Wednesday, 26 May 2010

Impossible to fix the economy?

http://news.bbc.co.uk/1/hi/magazine/8702883.stm

Former MP Chris Mullen spent a long time, it says here, trying NOT to have a ministerial car. Now with government cutbacks happening, it seems like a good idea to reduce the amount of chauffeuring round of ministers, except that they work while they're being driven, so provided the price of car and driver is less than the price of the work done while being chauffeured, we're OK.

Here's the thing. The chauffeurs get low wages and rely on overtime to make up their money, so they want more chauffeuring to do. Some ministers, sympathetic to the low wage situation, actually contrive(-d) to get more work or the chauffeurs. Right - we're getting work done that doesn't need doing at all (unnecessary extra chauffeuring) so that the chauffeurs can get more money. It would make more sense just to pay them more in the first place.
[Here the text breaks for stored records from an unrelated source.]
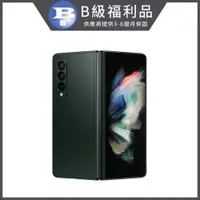 在飛比找PChome24h購物優惠-【福利品】Samsung Galaxy Z Fold3 5G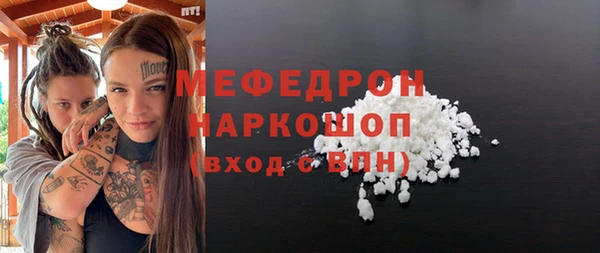 герыч Инта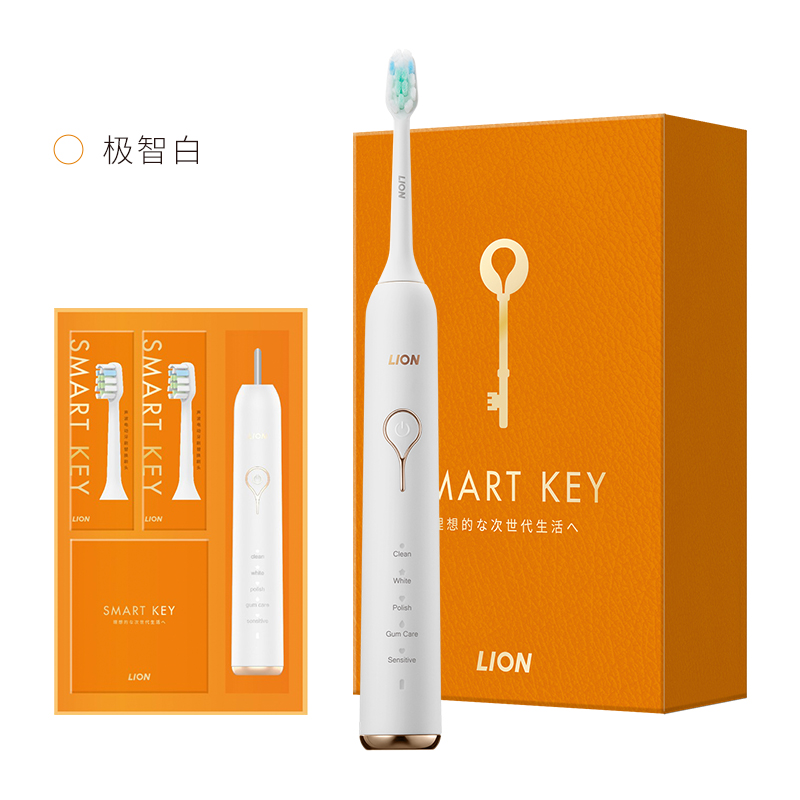 Lion 狮王 Smart Key 磁悬浮声波电动牙刷 多重优惠折后￥199包邮 3色可选 赠牙膏40g 88VIP会员还可95折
But we still have the problem that the chauffeurs want more work to get more money, and the government wants to spend less money. These two are plainly incompatible and an example of a common problem.

In this case, we have an activity that [arguably] needs doing - moving people from where they are to where they need to be on time and in an environment where they can still be productive. Working on the assumption that the thing needs doing (and is not just being done so people can be paid for it) we need to consider the options of reducing the need to do it and/or using technology to do it so that people don't have to (we don't want to create work for humans just so that we have an excuse to pay them, we want humans to do things for the benefit of humanity (see 'People Need Jobs" on this blog for an explanation).
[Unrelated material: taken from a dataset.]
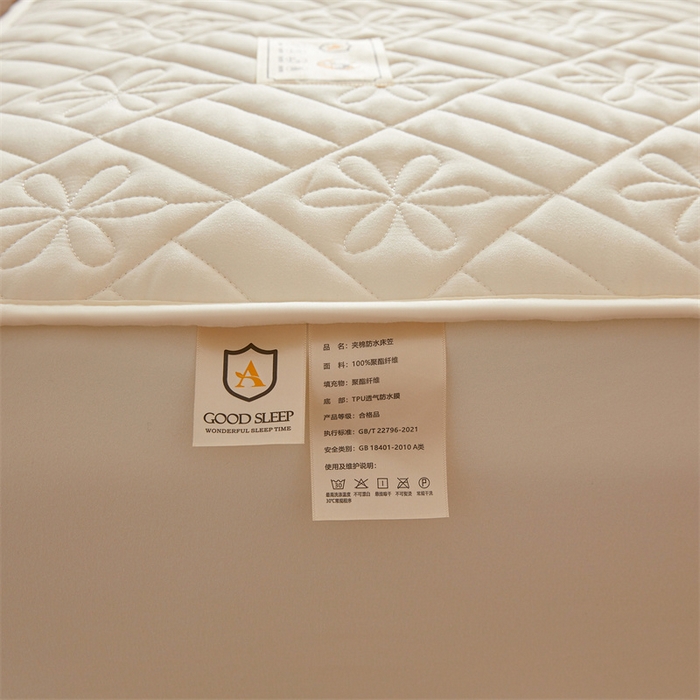 91家纺网 家纺一手货源 找家纺 （总）3C 2025新款A类幸运花防水隔脏床笠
It would seem to be incredibly complex to optimise the whereabouts of many people so that they are in the same physical location at the same time as others they need to be with. One imagines a network of mobile offices, where in each someone constantly works, whilst the system moves them around in so that they are in the right location relative to others for their meeting. Of course it doesn't matter if they are moving all the time while working alone, but they would have to have enough working alone time for the movements to happen.

The one imagines video conferencing. Why isn't that happening more? But if it was abundant, would there still be meetings in the flesh, by choice? It seems likely.

In this scenario, we may need a further level of abstraction. What are thes politicians doing and why are they having the meetings? the Zeitgeist Movement and Venus project that I am advocating and whose principles I am trying to apply would say that we don't need politicians - only scientists. In systems terms why try to optimise the subsystem (politics / political government) rather than the parent system, which we may be sub-optimising. Peter Joseph, I think would test this for a 'physical referent'. What physical thing is going to happen as a result of the minister going to the meeting?